::: GIVEN MATERIAL :::

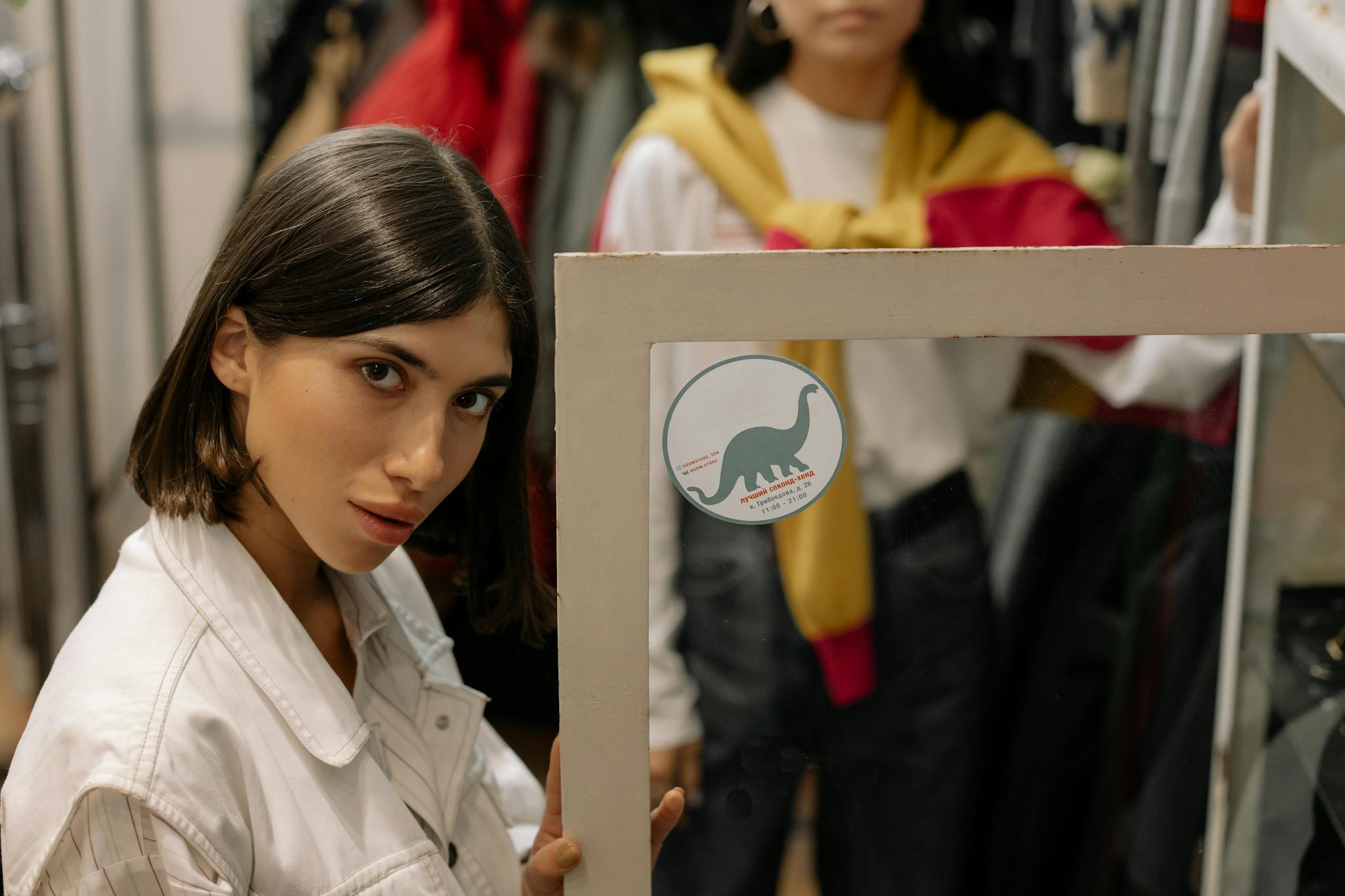 Young woman in a fashionable boutique posing confidently in front of a mirror.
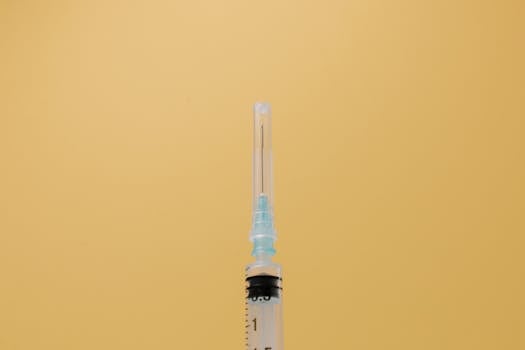 A close-up view of a syringe against a plain yellow backdrop, symbolizing healthcare.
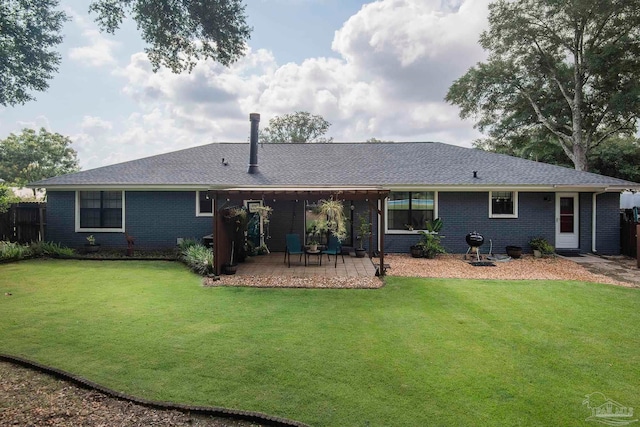 rear view of property with a patio and a lawn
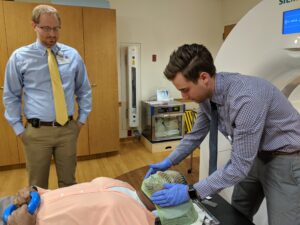 Andrew Shepard applying RT mask while a medical resident watches.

:::

**INSTRUCTIONS TO FOLLOW**
Beginning with the line containing "A close-up view" and ending with the last line of the material, output each line exactly; do not include pictures.

**REPLY TO THE TASK**
 A close-up view of a syringe against a plain yellow backdrop, symbolizing healthcare.
 rear view of property with a patio and a lawn
 Andrew Shepard applying RT mask while a medical resident watches.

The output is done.